Voice To Text/Speech Recognition Technologies
Technology is pervasive and inundates every aspect of our lives in Western Society today. Ever since Alan Turing developed the Turing Test in 1950, and Bell Laboratory’s Audrey, humans have been trying to simulate human speech. From the early days of the computer and word processing programs there has been a call for voice recognition software to help increase the flow of thought to page. Speech recognition software uses natural language uttered by humans to a machine to perform an action by a smartphone, computer, or other devices (Technologies, 2022). The technology has humble beginnings in 1773 Russia (Moskvitch, 2022), though it was not officially recognized or successful until 1952, when Audrey arrived at the phone company. She had limited success, however, until the idea caught the attention of the military.

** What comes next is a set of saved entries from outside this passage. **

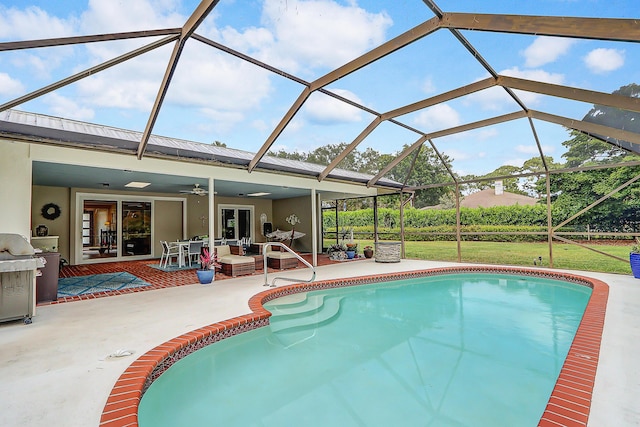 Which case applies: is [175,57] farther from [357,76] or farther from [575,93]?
[575,93]

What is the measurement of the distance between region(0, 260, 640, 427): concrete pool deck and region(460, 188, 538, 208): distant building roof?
9883 mm

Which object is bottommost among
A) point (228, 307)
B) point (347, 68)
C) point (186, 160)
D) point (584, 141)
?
point (228, 307)

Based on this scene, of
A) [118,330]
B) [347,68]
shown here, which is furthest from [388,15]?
[118,330]


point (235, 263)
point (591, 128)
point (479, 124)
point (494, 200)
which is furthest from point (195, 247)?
point (494, 200)

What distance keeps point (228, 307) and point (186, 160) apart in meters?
3.65

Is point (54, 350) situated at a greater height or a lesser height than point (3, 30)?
lesser

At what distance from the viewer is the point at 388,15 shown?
4457 mm

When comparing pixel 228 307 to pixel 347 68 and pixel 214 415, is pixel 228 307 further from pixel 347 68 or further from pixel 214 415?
pixel 347 68

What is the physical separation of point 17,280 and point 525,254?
15.1 m

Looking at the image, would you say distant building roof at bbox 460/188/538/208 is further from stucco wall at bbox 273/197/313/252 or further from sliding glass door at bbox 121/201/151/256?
sliding glass door at bbox 121/201/151/256

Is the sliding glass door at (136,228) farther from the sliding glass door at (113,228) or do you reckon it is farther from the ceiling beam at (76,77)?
the ceiling beam at (76,77)

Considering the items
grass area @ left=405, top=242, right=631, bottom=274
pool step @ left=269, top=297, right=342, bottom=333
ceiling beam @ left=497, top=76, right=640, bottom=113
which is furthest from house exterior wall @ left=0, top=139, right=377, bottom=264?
ceiling beam @ left=497, top=76, right=640, bottom=113

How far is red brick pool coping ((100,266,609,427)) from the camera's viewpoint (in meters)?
2.11

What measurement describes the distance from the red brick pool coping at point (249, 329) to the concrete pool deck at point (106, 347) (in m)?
0.08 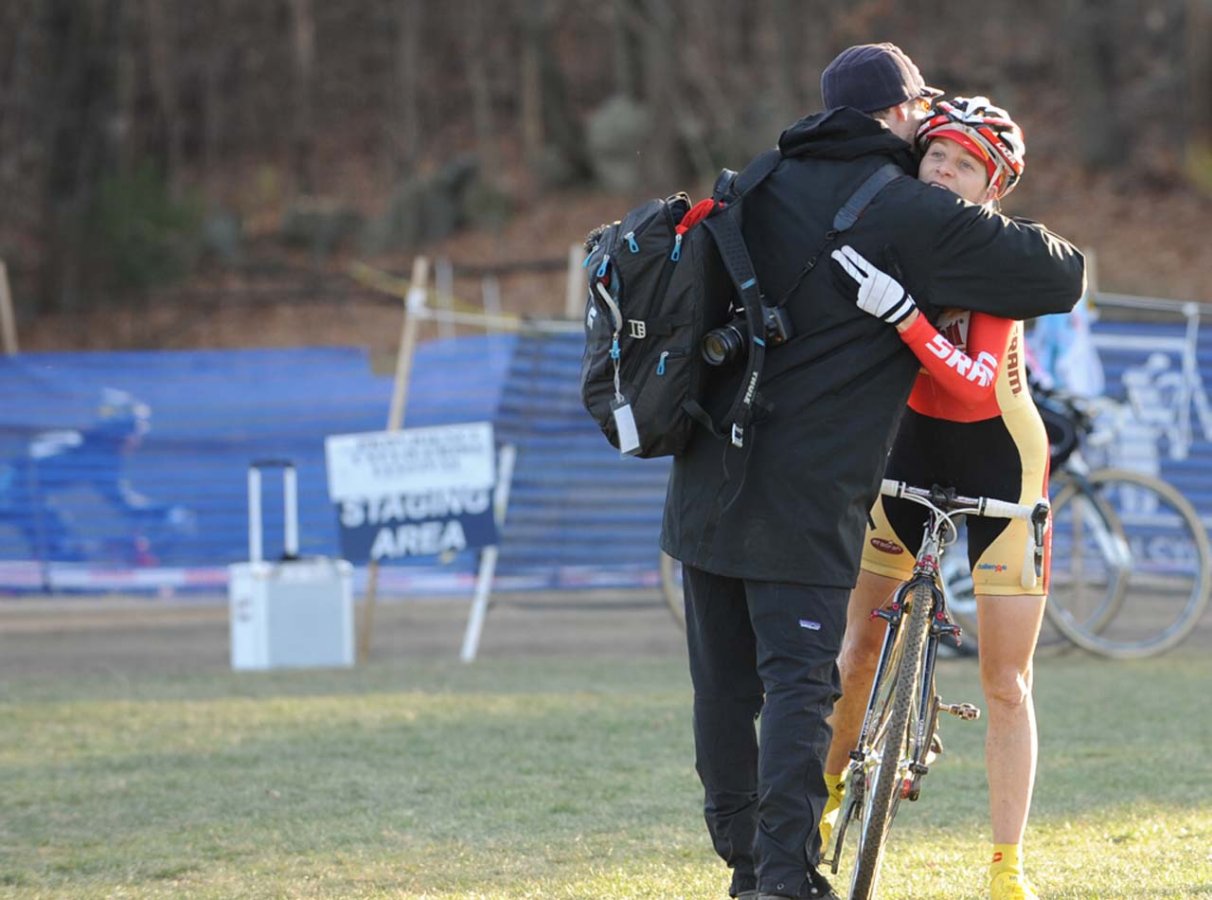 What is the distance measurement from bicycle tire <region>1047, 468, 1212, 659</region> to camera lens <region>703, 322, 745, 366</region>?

With the single-minded purpose of military invention for making war and national defence more effective, the scientists at DARPA created “Harpy”, who had a vocabulary of 1000 words equal to that of a toddler (Technologies, 2022).
The next major leap in speech recognition technology went from the military to the toy factory. In 1982, “Julie” was introduced as the world’s first ‘talking’ doll. She had a chip that recognized speech sounds and could respond to them appropriately (Technologies, 2022).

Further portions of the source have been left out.